Amongst the publications to which I’ve contributed over the years, the Restalrig Speaker is one of the most effective. Those without a connection to East Edinburgh will have heard of it, but being hand-delivered for free throughout Restalrig, Lochend and Craigentinny, it’s an essential means of communication in one of Edinburgh’s most deprived areas.
Produced by the Ripple Project, an independent charity based at the Hub community complex provided by Forth Ports, it keeps local people informed about events and developments about which they might otherwise not hear.
It does not compete with the Edinburgh Evening News but offers something different, as does the neighbouring Broughton Spurtle website , a robust champion for the people of the top of Leith Walk and the New Town.
Neither the Spurtle nor the Speaker are what might be described as mainstream media but they are just two examples of publications which have been able to sprout up over the past 20 years because of the drastically reduced cost and complexity of becoming a publisher.
The irony is that as easy as publishing has become, the more pressure mainstream publications have felt and the two are inter-related. Not only is there comparatively little cost for hyper-local publishers, more often than not they are produced for the love of it, not a main source of income. And new Ofom data shows that just under half of all people are sourcing their news via social media, in other words for free.
Following a Scottish Press Freedom Summit at Edinburgh University, Green MSP Andy Wightman blamed ownership for many of the problems facing mainstream publications, writing in The Scotsman that “Across the UK, the ownership of newspapers has become more concentrated in the hands of rich and powerful individuals whilst local media titles have been disappearing.”

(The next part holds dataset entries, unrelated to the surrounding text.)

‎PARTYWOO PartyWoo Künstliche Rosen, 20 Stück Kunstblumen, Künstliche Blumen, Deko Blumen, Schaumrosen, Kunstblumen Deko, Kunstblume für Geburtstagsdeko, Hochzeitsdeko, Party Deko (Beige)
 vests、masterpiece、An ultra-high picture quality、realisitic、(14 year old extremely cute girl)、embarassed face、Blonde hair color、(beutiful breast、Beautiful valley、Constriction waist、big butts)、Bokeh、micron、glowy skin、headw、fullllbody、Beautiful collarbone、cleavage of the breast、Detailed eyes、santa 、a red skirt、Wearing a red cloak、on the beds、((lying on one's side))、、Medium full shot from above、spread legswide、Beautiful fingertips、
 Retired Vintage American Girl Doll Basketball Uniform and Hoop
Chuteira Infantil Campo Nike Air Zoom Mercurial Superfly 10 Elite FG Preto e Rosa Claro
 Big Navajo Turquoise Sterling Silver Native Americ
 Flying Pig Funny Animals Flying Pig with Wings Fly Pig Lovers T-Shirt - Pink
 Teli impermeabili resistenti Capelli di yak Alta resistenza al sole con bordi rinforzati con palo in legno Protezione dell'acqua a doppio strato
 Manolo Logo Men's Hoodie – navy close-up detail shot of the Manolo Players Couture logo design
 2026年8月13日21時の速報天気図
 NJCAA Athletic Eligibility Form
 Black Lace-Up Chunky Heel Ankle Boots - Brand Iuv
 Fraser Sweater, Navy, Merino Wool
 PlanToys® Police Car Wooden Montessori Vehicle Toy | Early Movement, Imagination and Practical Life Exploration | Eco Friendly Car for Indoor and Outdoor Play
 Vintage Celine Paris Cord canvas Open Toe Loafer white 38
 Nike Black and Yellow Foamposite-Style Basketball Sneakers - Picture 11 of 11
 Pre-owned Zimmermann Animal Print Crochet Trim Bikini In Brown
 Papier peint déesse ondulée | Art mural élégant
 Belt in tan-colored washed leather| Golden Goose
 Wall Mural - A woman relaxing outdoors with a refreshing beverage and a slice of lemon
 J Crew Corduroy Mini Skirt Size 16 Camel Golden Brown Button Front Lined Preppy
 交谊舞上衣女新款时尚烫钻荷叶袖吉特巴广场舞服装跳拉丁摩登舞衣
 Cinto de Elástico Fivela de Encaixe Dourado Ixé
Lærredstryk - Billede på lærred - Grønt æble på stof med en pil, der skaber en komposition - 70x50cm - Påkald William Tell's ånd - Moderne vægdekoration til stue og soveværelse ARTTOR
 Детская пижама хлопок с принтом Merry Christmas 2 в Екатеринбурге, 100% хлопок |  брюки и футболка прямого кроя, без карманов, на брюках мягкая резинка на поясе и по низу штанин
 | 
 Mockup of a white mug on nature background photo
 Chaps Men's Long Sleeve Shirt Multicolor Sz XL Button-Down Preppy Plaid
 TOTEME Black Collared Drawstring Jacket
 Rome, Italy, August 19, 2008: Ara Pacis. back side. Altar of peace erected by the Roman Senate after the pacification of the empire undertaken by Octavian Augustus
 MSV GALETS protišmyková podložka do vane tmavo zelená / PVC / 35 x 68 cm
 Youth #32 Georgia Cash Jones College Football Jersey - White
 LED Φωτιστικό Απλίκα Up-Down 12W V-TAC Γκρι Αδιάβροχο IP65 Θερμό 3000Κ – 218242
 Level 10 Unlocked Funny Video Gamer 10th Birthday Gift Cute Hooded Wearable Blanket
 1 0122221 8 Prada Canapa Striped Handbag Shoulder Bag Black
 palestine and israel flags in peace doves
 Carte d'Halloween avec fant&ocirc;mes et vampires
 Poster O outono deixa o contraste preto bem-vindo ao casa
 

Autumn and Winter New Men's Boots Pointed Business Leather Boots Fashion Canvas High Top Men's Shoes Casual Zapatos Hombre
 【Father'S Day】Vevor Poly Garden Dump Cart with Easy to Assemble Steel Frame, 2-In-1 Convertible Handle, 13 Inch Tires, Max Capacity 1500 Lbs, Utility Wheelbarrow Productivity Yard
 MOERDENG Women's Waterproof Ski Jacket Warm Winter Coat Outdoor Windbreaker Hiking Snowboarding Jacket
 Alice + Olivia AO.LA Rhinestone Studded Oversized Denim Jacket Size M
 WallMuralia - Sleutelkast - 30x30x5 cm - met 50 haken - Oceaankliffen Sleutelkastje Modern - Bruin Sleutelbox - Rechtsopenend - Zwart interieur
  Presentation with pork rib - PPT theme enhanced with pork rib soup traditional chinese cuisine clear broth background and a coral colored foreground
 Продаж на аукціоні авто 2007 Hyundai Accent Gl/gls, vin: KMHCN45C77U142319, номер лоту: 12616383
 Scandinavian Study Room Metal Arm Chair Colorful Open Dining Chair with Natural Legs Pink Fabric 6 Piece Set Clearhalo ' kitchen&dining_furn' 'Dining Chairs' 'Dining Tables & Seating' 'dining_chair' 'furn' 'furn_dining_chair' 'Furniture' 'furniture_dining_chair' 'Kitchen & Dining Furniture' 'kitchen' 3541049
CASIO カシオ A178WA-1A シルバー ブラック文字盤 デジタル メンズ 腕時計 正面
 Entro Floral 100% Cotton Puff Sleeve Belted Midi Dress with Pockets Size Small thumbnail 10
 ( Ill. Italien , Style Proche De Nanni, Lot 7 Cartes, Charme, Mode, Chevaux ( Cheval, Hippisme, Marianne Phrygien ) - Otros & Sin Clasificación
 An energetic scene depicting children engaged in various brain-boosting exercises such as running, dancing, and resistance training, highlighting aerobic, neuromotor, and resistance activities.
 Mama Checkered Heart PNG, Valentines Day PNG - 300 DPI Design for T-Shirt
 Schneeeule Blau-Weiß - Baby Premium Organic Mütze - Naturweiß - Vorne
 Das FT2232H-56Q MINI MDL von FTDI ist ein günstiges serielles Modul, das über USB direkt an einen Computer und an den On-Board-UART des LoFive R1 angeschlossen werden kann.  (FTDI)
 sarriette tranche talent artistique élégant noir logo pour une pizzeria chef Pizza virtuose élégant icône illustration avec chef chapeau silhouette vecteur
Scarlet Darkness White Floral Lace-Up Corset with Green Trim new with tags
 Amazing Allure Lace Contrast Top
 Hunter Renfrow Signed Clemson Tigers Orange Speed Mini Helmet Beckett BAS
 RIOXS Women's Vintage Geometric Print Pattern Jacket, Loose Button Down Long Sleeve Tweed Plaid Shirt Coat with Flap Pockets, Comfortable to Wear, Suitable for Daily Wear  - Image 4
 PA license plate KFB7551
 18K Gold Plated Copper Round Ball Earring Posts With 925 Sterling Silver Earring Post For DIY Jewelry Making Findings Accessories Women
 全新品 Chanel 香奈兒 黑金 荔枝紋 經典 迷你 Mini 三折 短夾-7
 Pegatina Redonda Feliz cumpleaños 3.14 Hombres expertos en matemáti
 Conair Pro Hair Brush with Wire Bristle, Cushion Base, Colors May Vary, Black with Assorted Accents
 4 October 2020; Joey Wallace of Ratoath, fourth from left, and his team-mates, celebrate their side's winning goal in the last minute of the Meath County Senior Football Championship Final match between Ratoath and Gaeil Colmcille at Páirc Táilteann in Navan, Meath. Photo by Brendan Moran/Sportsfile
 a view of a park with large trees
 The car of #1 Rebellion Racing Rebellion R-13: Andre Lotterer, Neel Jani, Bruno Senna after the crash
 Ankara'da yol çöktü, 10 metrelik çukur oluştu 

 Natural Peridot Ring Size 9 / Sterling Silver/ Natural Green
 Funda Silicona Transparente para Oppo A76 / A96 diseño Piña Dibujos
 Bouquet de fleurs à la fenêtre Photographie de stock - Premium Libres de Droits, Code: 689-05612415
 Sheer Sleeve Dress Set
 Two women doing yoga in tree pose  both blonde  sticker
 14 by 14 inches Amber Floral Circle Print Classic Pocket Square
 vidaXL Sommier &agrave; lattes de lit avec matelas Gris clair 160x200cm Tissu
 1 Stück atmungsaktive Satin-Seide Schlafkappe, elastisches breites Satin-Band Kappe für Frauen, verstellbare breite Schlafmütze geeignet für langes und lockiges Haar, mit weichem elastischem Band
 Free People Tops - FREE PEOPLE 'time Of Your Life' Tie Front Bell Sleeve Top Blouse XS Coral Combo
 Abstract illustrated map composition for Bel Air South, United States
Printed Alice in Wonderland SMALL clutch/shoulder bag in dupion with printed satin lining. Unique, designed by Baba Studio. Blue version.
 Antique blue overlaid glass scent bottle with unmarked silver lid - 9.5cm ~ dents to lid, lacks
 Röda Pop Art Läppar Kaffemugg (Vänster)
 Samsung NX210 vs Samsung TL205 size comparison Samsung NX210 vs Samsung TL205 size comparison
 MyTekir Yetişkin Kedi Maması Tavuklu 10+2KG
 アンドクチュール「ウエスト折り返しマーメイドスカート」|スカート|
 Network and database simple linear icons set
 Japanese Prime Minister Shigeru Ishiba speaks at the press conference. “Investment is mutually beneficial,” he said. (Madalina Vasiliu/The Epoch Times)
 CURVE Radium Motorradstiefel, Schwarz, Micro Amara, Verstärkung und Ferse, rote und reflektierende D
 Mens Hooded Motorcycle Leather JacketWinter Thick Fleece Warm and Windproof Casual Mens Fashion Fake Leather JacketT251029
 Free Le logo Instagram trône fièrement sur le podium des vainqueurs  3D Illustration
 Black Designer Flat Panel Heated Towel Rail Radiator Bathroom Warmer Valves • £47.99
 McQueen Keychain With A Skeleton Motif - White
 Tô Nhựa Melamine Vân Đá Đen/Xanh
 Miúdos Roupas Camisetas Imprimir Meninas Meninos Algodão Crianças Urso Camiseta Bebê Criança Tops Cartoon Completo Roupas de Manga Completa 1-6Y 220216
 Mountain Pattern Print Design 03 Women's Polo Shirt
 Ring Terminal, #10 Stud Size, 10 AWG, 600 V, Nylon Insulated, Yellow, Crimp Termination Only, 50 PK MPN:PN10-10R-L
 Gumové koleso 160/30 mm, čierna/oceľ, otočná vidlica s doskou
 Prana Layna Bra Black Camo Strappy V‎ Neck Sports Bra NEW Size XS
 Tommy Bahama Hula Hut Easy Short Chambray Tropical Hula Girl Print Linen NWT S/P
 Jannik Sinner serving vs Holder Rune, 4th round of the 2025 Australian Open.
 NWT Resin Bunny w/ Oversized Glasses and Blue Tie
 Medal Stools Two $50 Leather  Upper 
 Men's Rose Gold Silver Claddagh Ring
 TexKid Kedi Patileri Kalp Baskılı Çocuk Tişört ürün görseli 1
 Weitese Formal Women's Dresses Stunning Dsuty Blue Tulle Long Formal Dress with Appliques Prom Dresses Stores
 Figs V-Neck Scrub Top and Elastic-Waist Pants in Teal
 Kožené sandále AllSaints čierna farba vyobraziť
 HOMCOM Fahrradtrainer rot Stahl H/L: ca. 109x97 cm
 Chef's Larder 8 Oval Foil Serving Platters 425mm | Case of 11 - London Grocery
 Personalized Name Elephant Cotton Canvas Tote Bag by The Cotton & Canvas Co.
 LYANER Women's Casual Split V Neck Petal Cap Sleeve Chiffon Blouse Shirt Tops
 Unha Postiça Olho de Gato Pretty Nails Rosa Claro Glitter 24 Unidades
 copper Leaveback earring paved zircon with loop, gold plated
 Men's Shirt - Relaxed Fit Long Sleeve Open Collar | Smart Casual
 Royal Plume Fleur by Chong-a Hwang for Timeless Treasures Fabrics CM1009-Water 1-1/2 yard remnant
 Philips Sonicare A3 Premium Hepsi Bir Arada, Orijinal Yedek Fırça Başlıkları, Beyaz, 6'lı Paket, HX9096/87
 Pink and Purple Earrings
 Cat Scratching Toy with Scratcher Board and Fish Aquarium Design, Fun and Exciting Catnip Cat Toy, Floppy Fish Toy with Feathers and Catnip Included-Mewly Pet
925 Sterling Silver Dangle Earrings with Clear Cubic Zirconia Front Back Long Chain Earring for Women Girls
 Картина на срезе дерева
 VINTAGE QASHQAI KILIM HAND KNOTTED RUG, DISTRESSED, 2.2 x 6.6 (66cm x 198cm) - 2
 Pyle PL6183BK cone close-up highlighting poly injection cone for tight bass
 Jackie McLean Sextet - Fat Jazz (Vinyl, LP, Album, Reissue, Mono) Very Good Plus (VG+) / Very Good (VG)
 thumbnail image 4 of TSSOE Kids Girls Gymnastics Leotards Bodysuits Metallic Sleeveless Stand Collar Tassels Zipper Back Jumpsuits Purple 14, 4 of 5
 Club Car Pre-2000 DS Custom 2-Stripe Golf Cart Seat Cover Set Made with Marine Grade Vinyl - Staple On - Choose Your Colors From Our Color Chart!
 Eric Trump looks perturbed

The reality is that producing quality, high-frequency print products is an expensive business but the technology revolution has allowed people to regard news information as a free resource at the same time as allowing new competition to enter the market at much lower cost. It is certainly the case that large companies with high costs are under unrelenting pressure, but it is fanciful to blame ownership for wider structural difficulties.
The Scottish news market is as tough as anywhere, but remains comparatively healthy. When there was a closure, as in the case of JPI Media’s decision to cease publication of The Buteman in June, the independent publisher DNG immediately stepped in to launch the Isle if Bute News through its Argyll media subsidiary.
Nor is it always the case that small and local is the answer, with the independent Turriff Advertiser on the point of closure before Scottish Provincial Press took over earlier this year.
Wightman is correct that crowdfunding, community interest companies and co-operatives will be very important in the future growth of local communications but while some will thrive others will fold. Some might even be bought out. But to say they can provide “a more democratic and accountable ownership” needlessly politicises what is not a political problem.
Scotland is replete with quality publications large and small, but launching a political attack on owners wrestling with global changes in news publication and consumption helps no-one.